Description of the task: Would you count the lines below that contain the string "creating" and reply with that number only?

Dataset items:
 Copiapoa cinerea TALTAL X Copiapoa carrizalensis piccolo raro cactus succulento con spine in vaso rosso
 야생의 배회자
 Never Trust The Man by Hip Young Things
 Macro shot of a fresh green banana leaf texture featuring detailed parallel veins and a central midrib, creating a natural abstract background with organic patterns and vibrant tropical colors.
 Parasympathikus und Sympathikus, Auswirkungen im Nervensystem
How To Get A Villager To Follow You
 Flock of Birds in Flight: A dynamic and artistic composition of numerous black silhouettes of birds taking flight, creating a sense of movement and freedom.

---

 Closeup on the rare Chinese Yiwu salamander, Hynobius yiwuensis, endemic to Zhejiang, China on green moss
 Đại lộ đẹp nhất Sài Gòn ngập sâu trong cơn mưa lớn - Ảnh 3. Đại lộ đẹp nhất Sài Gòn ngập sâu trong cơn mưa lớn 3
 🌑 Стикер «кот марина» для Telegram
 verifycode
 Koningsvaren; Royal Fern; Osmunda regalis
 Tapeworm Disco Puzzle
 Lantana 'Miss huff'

Task answer: 2